(STORED DATA begins)

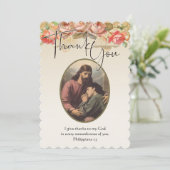 イエスの宗教悔やみや弔慰の哀悼の意 サンキューカード (スタンド正面)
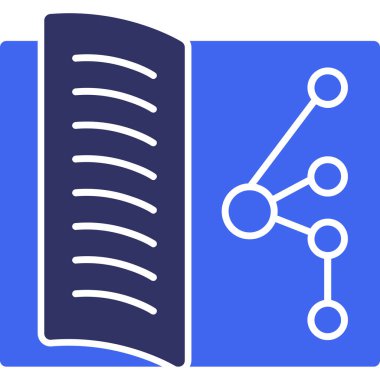 Kitap. Web simgesi basit illüstrasyon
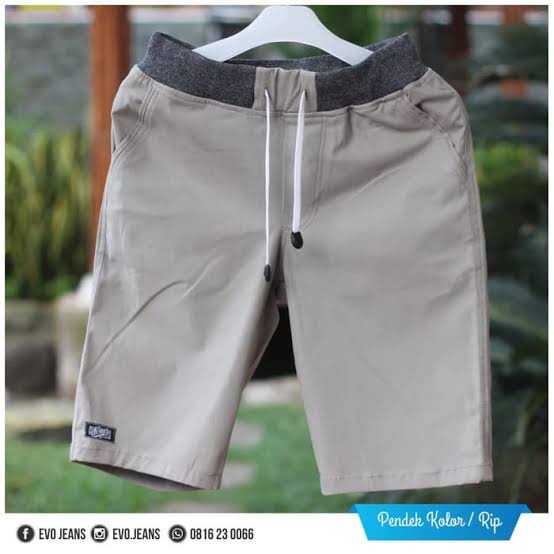 CELANA PENDEK CHINO POLOS TWIL TEBAL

(STORED DATA ends)

→ **WHAT YOU WILL DO**
Without the pictures, write out all of the material exactly.

→ **WORKED SOLUTION**
 イエスの宗教悔やみや弔慰の哀悼の意 サンキューカード (スタンド正面)
 Kitap. Web simgesi basit illüstrasyon
 CELANA PENDEK CHINO POLOS TWIL TEBAL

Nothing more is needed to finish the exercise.